*PROVIDED MATERIAL*.
>>>

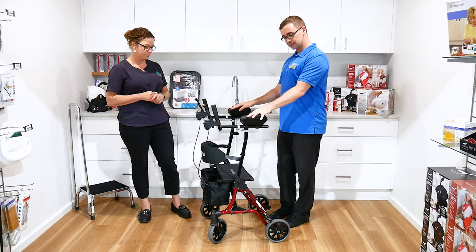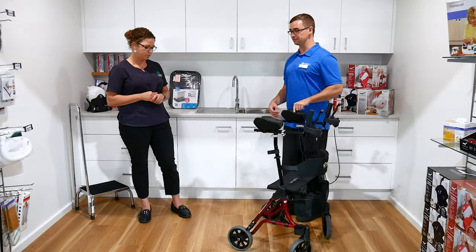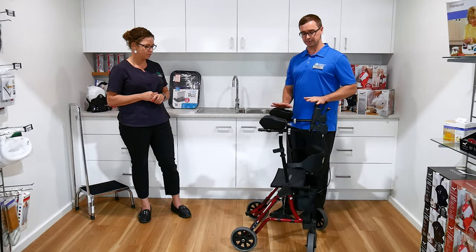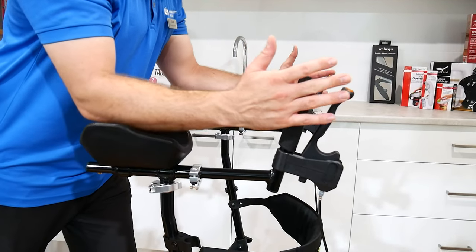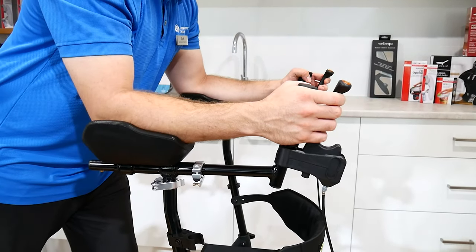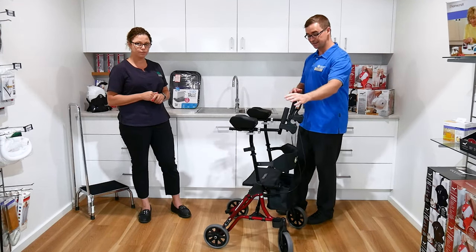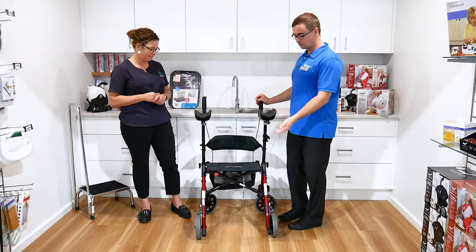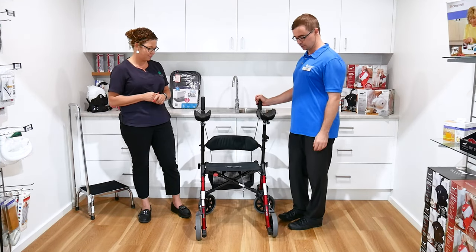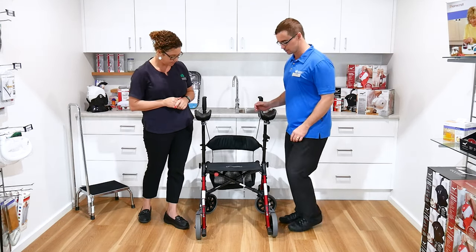People may have seen these in rehabilitation wards, in hospitals, and they're usually a bulky sort of fixed frame. The lovely thing about this model is we now have brakes up at the hand, which a lot of the older models did not have, so it gives independence in its use. It also has a seat, which a lot of those models certainly don't have either. And it has a lovely fold function, which gives you the ability to take this out in the community as well.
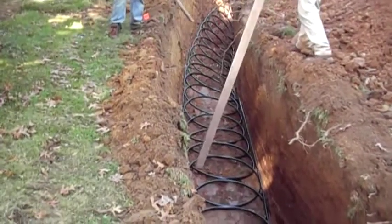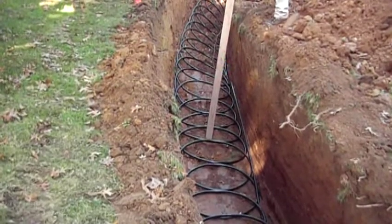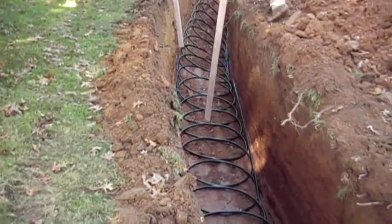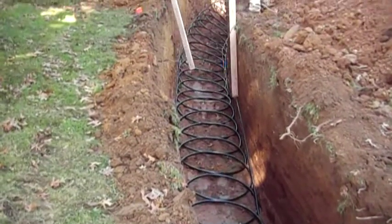Yeah, this is maybe our 20th one. Get the pipe in the ground without anything wrong happening. No rocks, no older springs. First trench and going fine.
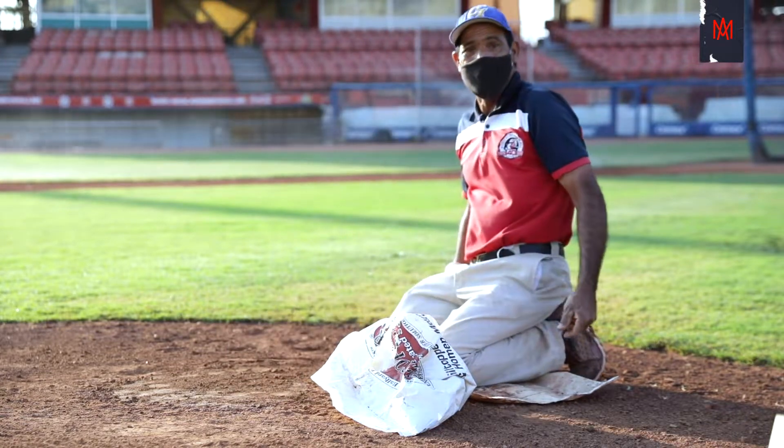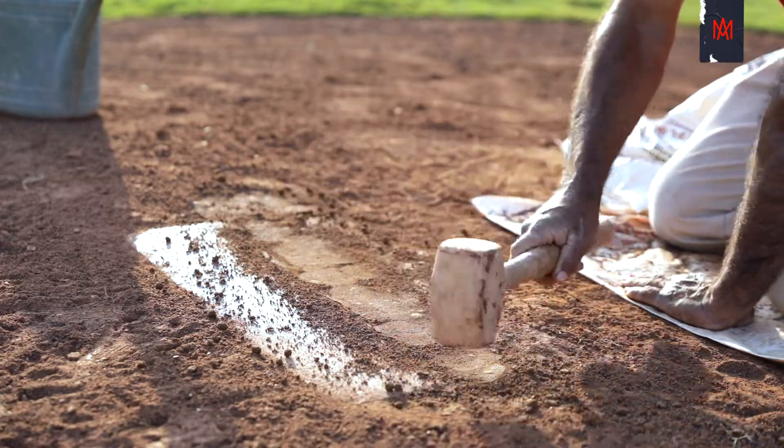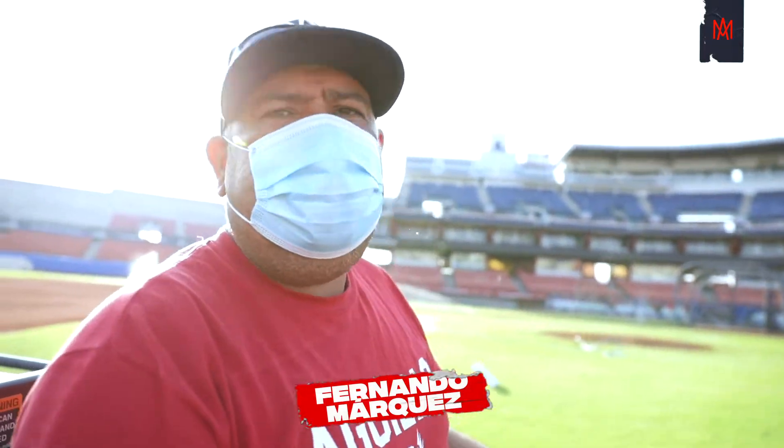It's my team. I've been working here for about 9 years, here in the stadium, working the same way.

<<<

*TASK INSTRUCTIONS*. Reproduce the entire listing exactly, but omit any pictures.

*ANSWER SPACE*.
People may have seen these in rehabilitation wards, in hospitals, and they're usually a bulky sort of fixed frame. The lovely thing about this model is we now have brakes up at the hand, which a lot of the older models did not have, so it gives independence in its use. It also has a seat, which a lot of those models certainly don't have either. And it has a lovely fold function, which gives you the ability to take this out in the community as well.
Yeah, this is maybe our 20th one. Get the pipe in the ground without anything wrong happening. No rocks, no older springs. First trench and going fine.
It's my team. I've been working here for about 9 years, here in the stadium, working the same way.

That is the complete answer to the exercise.